Словарный запас его покоился на двух столпах: «good» и «засранец». Столь скупыми средствами он достигал виртуозного красноречия, поэтому ни для кого в цирке не составляло труда понять, что этот выдающийся оратор конкретно имеет в виду. К тому же Бэрд обладал на редкость гипнотическим взглядом, которому одинаково подчинялись люди, лошади, собаки, обезьяны, львы, медведи, гуси, вороны, пантеры, ну и, конечно, попугаи.
За год войны поголовье зверинца сократилось без всякой меры, только и остались лошади, говорящий ворон, тройка палевых пуделей Атос, Портос и Арамис, черная курица с алым гребнем, белая голубка, клокастый верблюд Родригес и молодая свинья Брунгильда, восходящая цирковая звезда муромской породы с крепкими копытами и рельефными окороками.
Как Бэрд попал в Россию и оказался директором бродячего цирка, он не распространялся. Ходили слухи, цирк достался ему в наследство от тестя, мистера Томпсона, участника Крымской кампании, дальнего родственника генерал-лейтенанта Джеймса Симпсона, месяца четыре верховодившего английской армией в Крыму и смещенного за головотяпство.

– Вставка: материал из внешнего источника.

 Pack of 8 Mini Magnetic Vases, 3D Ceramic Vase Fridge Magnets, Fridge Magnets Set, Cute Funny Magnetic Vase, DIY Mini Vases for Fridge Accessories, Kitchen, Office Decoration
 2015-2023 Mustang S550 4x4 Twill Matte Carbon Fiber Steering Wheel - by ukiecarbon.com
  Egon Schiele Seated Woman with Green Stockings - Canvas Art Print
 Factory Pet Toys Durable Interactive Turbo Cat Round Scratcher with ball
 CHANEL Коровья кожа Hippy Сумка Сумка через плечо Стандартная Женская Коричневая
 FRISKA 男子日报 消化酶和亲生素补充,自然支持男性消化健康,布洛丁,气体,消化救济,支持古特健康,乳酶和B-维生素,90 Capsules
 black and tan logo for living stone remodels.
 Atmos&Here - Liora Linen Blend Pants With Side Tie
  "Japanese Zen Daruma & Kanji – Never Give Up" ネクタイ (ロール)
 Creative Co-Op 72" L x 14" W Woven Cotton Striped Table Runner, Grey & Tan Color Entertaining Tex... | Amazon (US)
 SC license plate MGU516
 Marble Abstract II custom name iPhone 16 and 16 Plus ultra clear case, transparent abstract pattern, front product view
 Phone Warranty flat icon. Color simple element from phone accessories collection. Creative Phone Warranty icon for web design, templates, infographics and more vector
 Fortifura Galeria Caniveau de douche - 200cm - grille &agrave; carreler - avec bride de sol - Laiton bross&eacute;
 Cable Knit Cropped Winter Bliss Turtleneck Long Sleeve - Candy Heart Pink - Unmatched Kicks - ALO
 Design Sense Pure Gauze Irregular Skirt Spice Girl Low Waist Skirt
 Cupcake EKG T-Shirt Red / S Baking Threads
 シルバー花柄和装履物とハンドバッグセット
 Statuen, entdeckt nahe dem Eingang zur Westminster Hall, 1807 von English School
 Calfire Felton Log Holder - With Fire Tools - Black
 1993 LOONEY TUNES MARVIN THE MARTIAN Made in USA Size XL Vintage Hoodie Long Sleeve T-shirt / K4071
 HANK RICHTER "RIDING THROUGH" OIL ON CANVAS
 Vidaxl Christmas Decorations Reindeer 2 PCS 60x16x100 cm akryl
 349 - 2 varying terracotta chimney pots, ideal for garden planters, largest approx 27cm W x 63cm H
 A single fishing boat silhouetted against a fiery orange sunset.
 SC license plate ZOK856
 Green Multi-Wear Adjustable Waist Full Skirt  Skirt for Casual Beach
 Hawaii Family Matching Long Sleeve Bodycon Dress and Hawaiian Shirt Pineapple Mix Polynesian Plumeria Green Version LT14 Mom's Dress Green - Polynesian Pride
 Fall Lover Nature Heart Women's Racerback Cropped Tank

Сам Вилли Томпсон служил матросом на британской канонерке, угодил в плен к русским, бежал, пересек донские степи, пытаясь вернуться в Англию. По дороге выучил несколько русских фраз, так что мог столковаться в деревнях о еде и ночлеге. Бродил по задворкам российской империи, в Галиции снюхался с такими же бродягами-цыганами, за пару фунтов стерлингов продавшими ему ворованных лошадей.
Эти первые лошади графа Дракулы и стали примами стихийно возникшего цирка, а цыган и вор Васька, которому пройдоха Томпсон дал звучное имя Василио Василли, – звездой его сомнительного шапито.
Постепенно цирк обрастал артистами: пара лилипутов Гарик и Марик до своей блистательной карьеры коверных промышляли в Одессе мелкими кражами, проникая в дома зажиточных обывателей через открытые форточки.
Во Львове Гарик познакомился с обворожительной лилипуткой Крисей. Гарик был парень не промах, возгорелся огонь до небес, объятая страстью Крися сбежала из отчего дома и до скончания дней пребывала Гарику нежной подругой, партнершей по репризам, а также наездницей и танцовщицей «доньей Чикитой».
Тридцать лет на манеже цирка, если можно так выразиться, первую скрипку играл атлет Иван Иваныч Гром. Томпсон вычислил его во время одной кошмарной заварухи в Одесском порту. Из-за чего уж там вспыхнула драка, Вилли не понял, грузчики молотили друг друга почем зря пудовыми кулаками, пока не вмешался здоровенный детина с ярмом для таскания тяжестей и железным крючком на веревочном обрыве. Ввинтившись в самое осиное гнездо, он раскидал разъяренных голиафов и предотвратил дальнейшее кровопролитие.